Since the idea’s conception, however, the Blue Economy concept has gradually lost its focus on the “social equity” portion in favor of business as usual industrial development, perhaps with an added component of environmental sustainability that should hardly be revolutionary or optional anymore (for example, a recent special issue on the Blue Economy published by The Economist omits mention of social considerations entirely). This is reflected in the recent gains by right-wing political actors that are ultimately supported by the wealthiest industries (e.g. oil and gas). With the rise of the right comes a wider triumph of capitalist and individualist worldviews around the world. Under these conditions, cooperation, compassion for vulnerable populations, and the future state of the environment and humans are often discounted in favor of short-term profits for currently-important sectors. One of the fundamental flaws in this worldview (from a purely sustainable development standpoint) is that the same system

that has led to deeply serious impacts is expected to one day lead to solutions (e.g. technology will find a way argument). How would a system whose very core is short-term thinking ever be expected to lead to long-term well-being? And thus, key players in ecosystem and economic governance have quietly set the social equity element aside while running after ever more elusive economic growth. When decision makers and the public lose interest in the concept of sustainable and equitable outcomes, even fundamentally well-meaning governments (and industries and individuals) are forced to temper their goals or risk being out-competed (the “nice guys finish last” effect). An example of this is the Canadian government’s recent decision, after campaigning on long-term sustainability and renewable industries and being an early supporter of the Paris Agreement, to invest heavily in new oil pipelines. While it is true that oil profits are an important part of the national economy, oil extraction is by definition a non-sustainable industry. There is ample potential for renewable energy in Canada, and continued oil extraction will ensure that emissions goals will not be met (with obvious negative impacts for global climate change). Regarding sustainability and equity, the plan ignored the needs and opinions of Indigenous communities, drastically increased risks to coastal and marine ecosystems, and will very likely accelerate the decline of southern resident killer whales. This criticism has since been affirmed by the Federal Appeals Court of Canada, who ordered the project stopped unless such concerns can be properly addressed. The point here isn’t that this case is any worse than others around the world but, rather, that even a global leader in sustainability efforts can find it difficult to follow through in a global economy without strong cooperation.

The long-term sustainability of ocean ecosystems is at a crossroads.

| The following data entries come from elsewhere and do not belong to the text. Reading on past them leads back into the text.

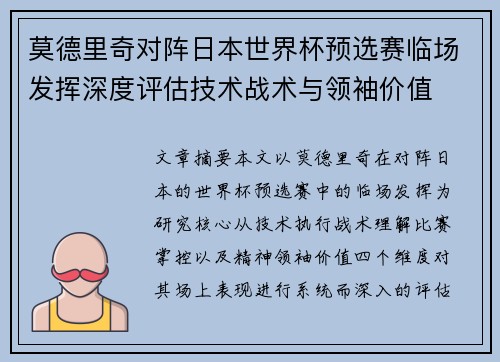 莫德里奇对阵日本世界杯预选赛临场发挥深度评估技术战术与领袖价值
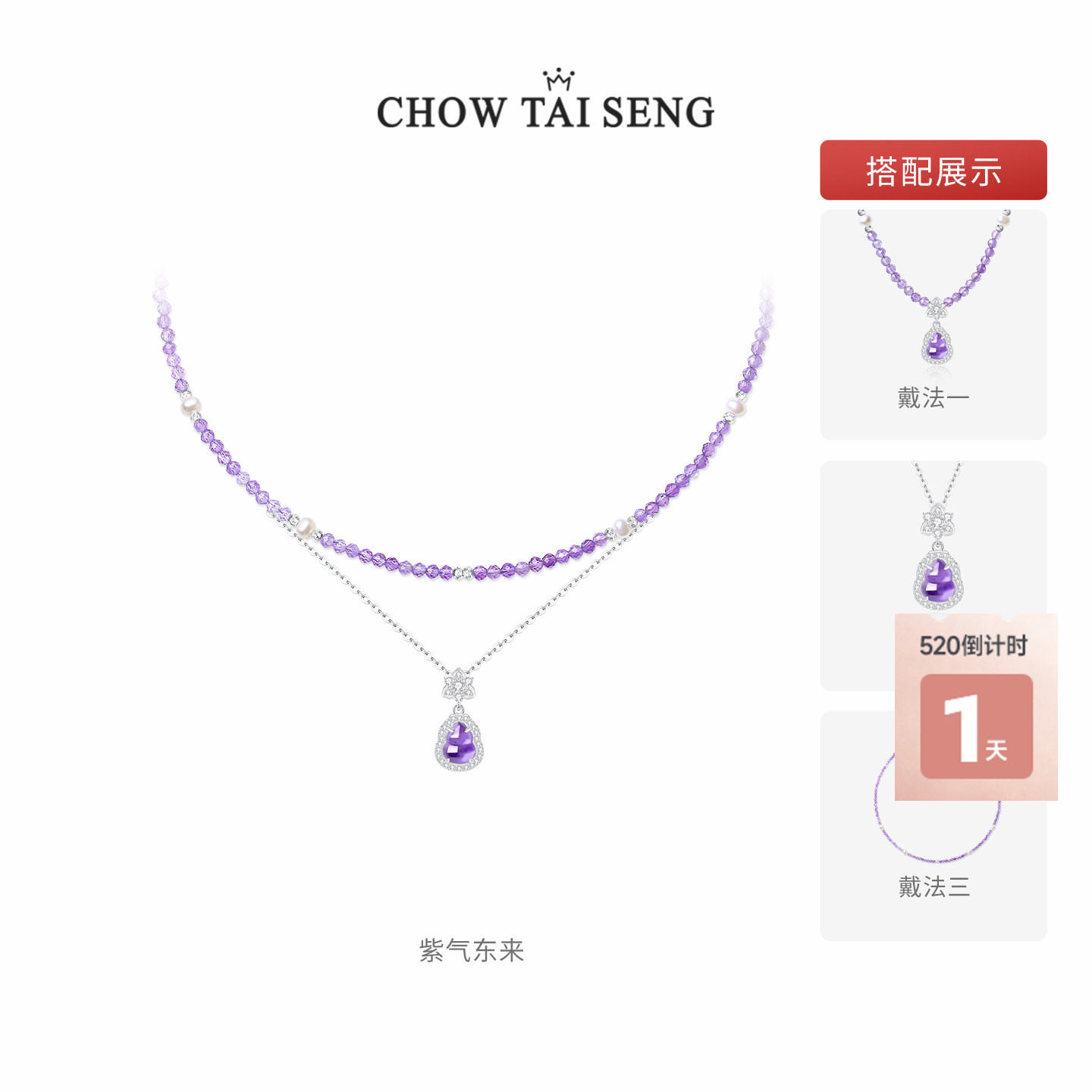 周大生紫色水晶珍珠葫芦项链女S925纯银轻奢高级感生日礼物送女友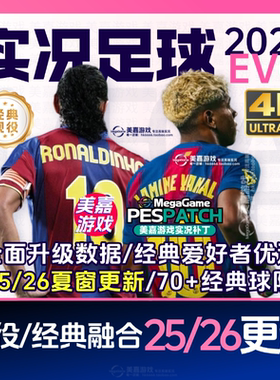 【EVO版本】实况足球2021电脑PES传奇经典中超20252026赛季PC补丁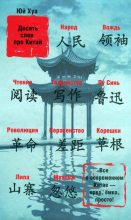 Книга - Юй  Хуа - Десять слов про Китай (fb2) читать без регистрации
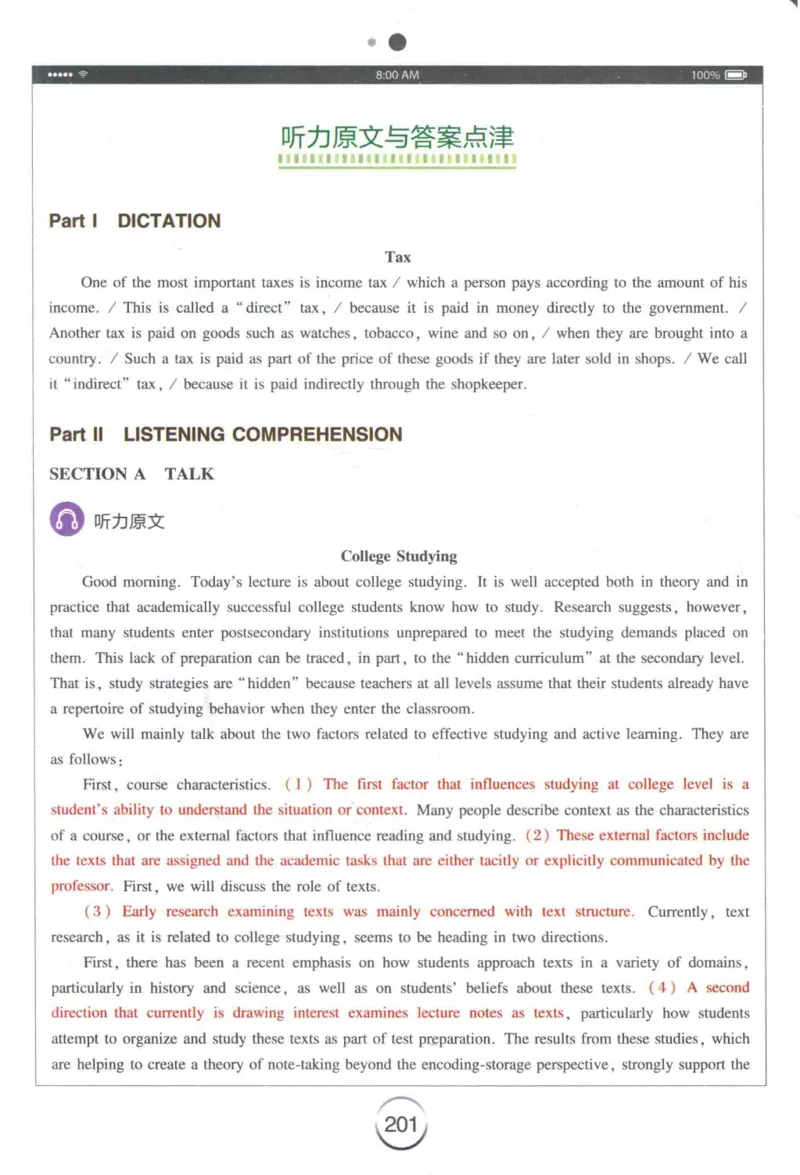 专四听力星火题_2025专四专八真题及备考资料_2009-2024专四真题+备考资料_2024专四备考资料合辑（电子书）_24专四听力_24星火专四听力1000题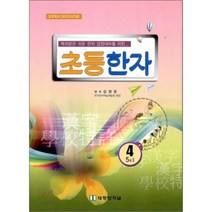 초등한자 4 5급 2, 태평양저널, 초등4학년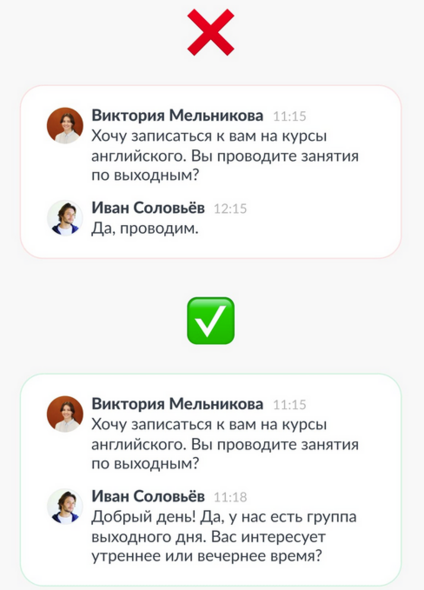 почему плохие продажи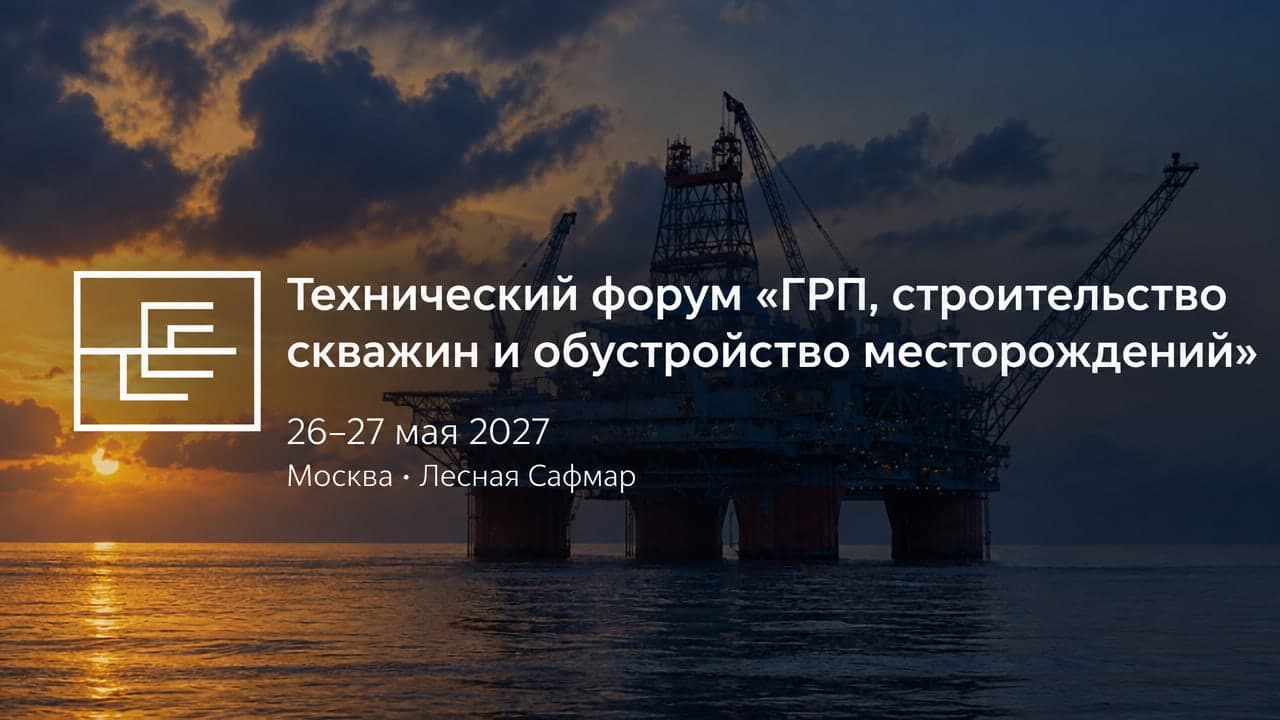 Технический форум «ГРП, строительство скважин и обустройство месторождений»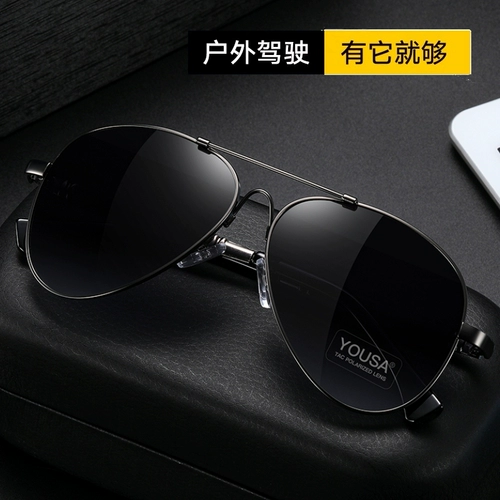 Мужские солнцезащитные очки на солнечной энергии, градиент, защита от ультрафиолета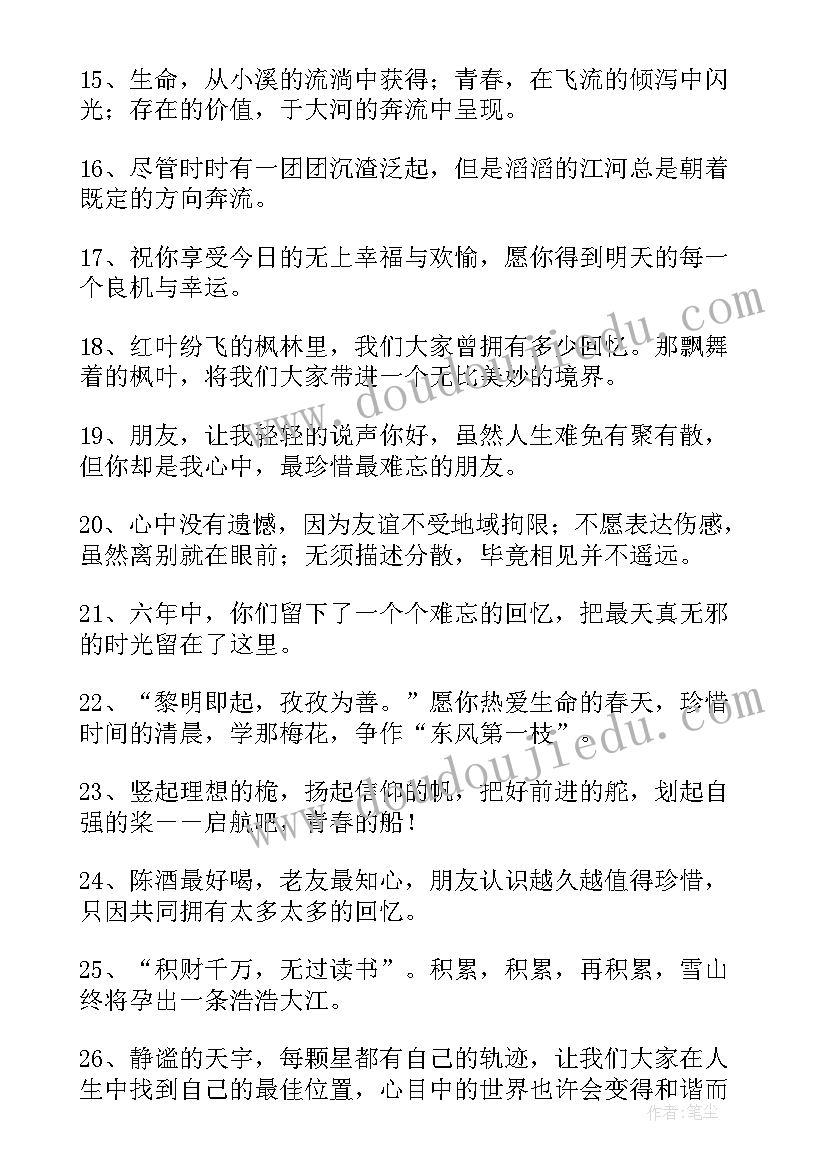 最新小学生给老师的毕业赠言 老师给小学生毕业赠言(大全5篇)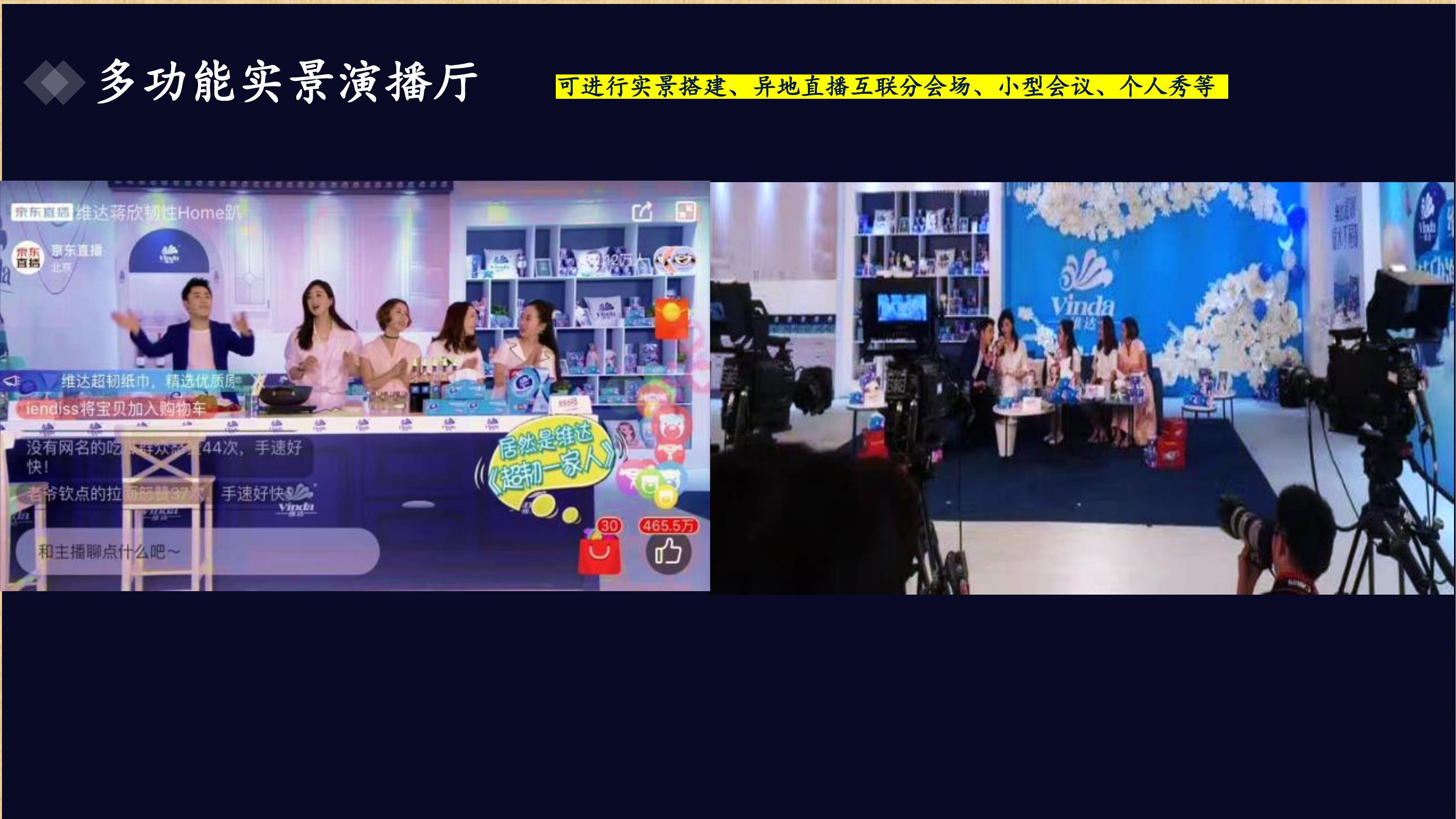 北京星众互联直播影视基地，线上发布会晚会拍摄录制场地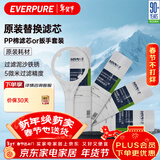 爱惠浦（Everpure） PP棉滤芯4支10吋/5微米加扳手 净水机通用滤芯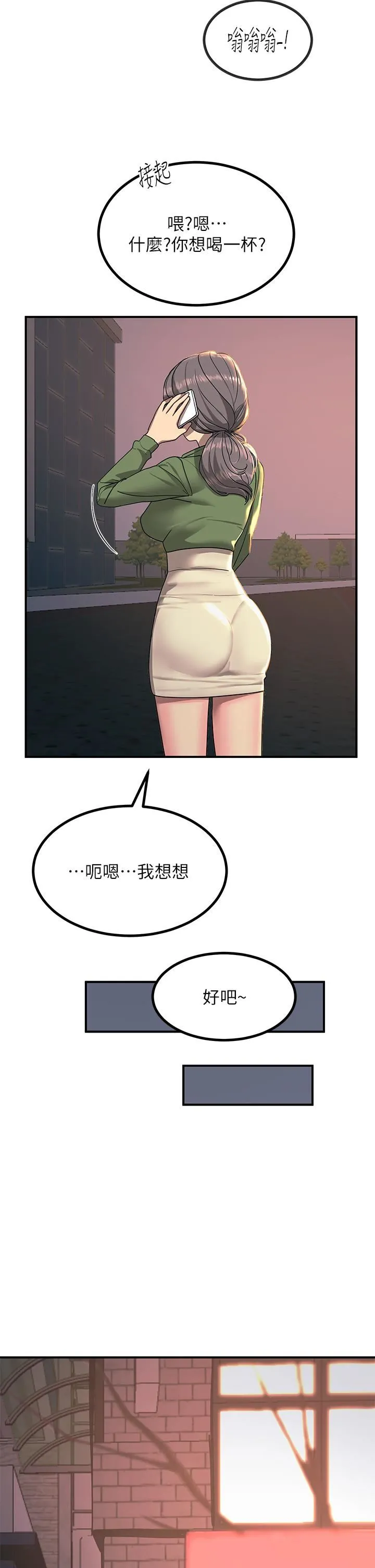 触电大师 - 第27话-在公共场合淫水喷发 - page 26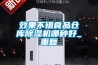 效果不错食品仓库除湿机哪种好_重复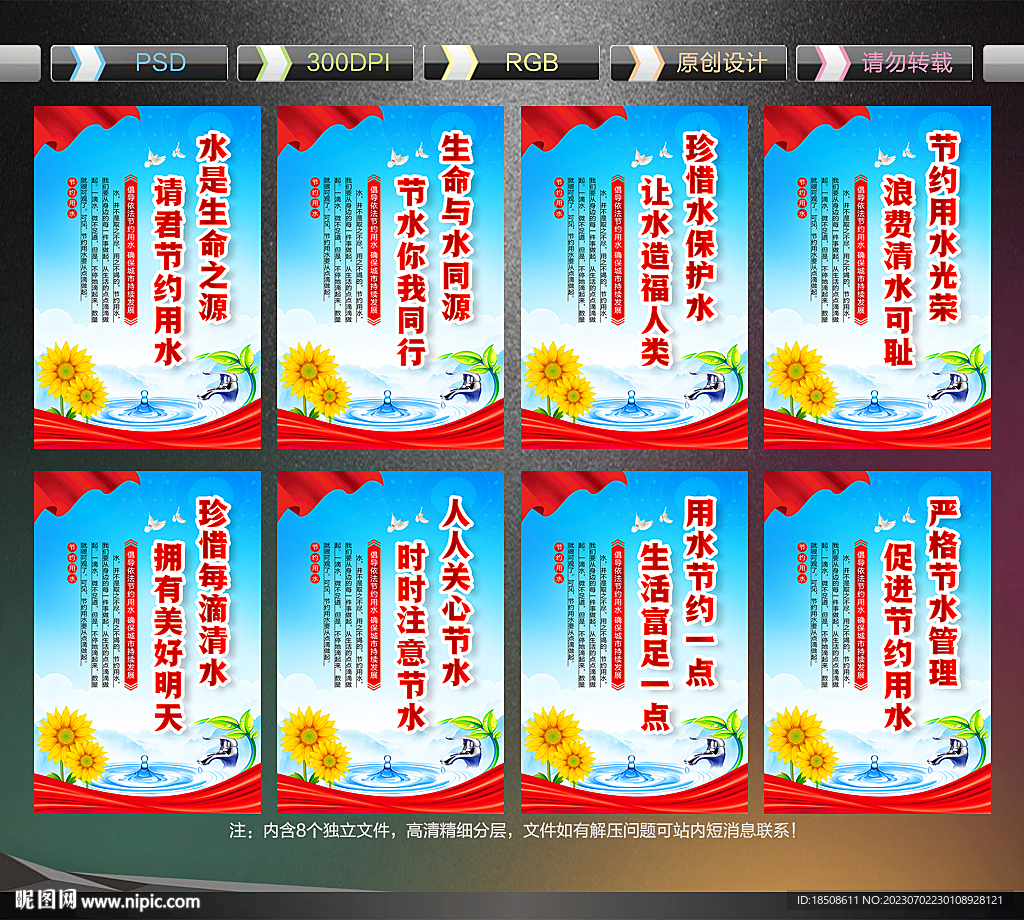节约用水标语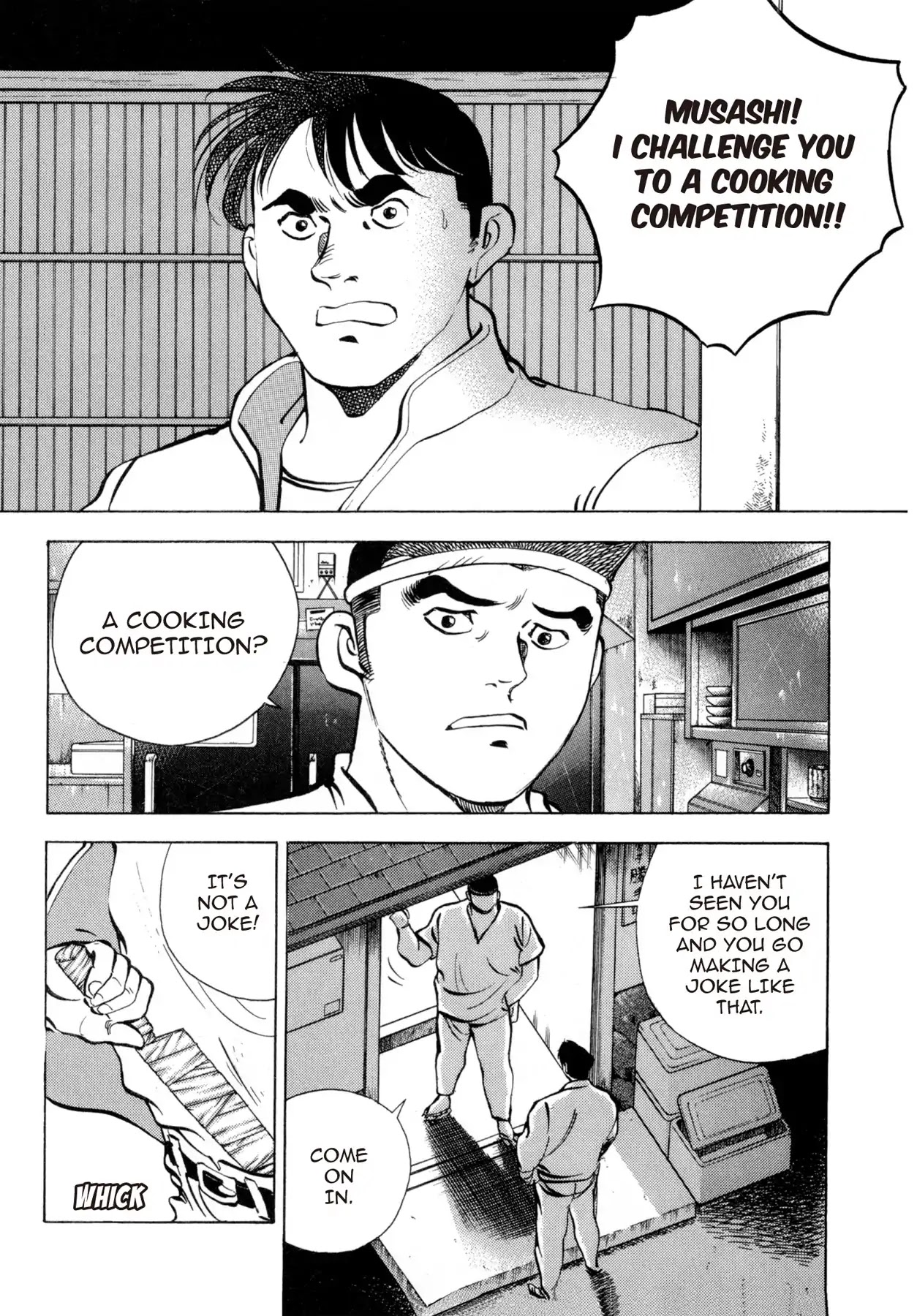 Battles of the Wandering Chef Chapter 4.2 page 2 - Vol.4 Chapter 2: The Softshell Turtle Proxy War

Rapid technological developments are opening up possibilities for new ocean industries in what many are (unironically) calling the “marine industrial revolution.” At the same time, international negotiations are attempting to establish new ways to reverse and prevent harm to human-ocean systems, including through better guidelines for fisheries subsidies and new and improved management strategies for the high seas and deep ocean (i.e., ‘areas and biodiversity beyond national jurisdiction’). That’s what makes the shift in the Blue Economy discourse away from equity and sustainability and towards industrial development so worrying. The oceans are the ultimate global commons, and even though we’ve already inflicted some serious damage to the human-ocean ecosystem, the hurdles we face to fix them are still surmountable compared to how much we’ve altered the land. The Blue Economy approach was meant to be a new way forward for improving the oceans and human well-being. If we’re not careful, it risks becoming the ocean’s death knell.